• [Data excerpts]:
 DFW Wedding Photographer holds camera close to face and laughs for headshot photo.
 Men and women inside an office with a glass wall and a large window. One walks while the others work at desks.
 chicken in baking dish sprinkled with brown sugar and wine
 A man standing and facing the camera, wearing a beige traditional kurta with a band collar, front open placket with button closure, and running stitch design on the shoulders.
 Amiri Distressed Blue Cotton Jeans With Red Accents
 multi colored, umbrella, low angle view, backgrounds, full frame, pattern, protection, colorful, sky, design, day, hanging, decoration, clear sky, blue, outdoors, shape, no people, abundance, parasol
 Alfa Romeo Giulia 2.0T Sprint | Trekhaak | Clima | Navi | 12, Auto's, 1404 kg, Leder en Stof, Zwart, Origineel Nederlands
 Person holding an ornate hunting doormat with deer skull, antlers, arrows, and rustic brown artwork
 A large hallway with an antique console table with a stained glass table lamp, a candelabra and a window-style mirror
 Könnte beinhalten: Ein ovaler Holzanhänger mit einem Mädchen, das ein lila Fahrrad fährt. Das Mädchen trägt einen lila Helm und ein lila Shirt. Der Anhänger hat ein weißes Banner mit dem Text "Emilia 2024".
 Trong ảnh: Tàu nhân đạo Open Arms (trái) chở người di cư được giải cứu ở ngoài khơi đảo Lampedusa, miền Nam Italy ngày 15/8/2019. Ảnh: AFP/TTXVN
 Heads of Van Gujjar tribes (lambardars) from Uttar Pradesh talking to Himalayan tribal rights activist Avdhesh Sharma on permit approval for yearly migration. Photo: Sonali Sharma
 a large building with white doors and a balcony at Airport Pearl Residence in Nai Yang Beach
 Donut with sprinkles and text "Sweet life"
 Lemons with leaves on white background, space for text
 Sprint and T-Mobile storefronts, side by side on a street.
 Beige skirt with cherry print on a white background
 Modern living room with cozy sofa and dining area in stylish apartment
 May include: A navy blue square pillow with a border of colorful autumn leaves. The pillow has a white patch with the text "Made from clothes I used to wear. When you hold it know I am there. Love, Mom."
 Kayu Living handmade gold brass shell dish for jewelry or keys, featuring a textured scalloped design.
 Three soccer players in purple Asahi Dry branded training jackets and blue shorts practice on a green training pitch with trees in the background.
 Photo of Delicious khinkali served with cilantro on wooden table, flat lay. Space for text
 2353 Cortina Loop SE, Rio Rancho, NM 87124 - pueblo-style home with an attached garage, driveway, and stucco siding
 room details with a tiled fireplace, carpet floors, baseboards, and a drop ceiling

• [THE TASK]: Lines of the data above that include the string "glass" must each be copied.

• [REPLY]:
 Men and women inside an office with a glass wall and a large window. One walks while the others work at desks.
 A large hallway with an antique console table with a stained glass table lamp, a candelabra and a window-style mirror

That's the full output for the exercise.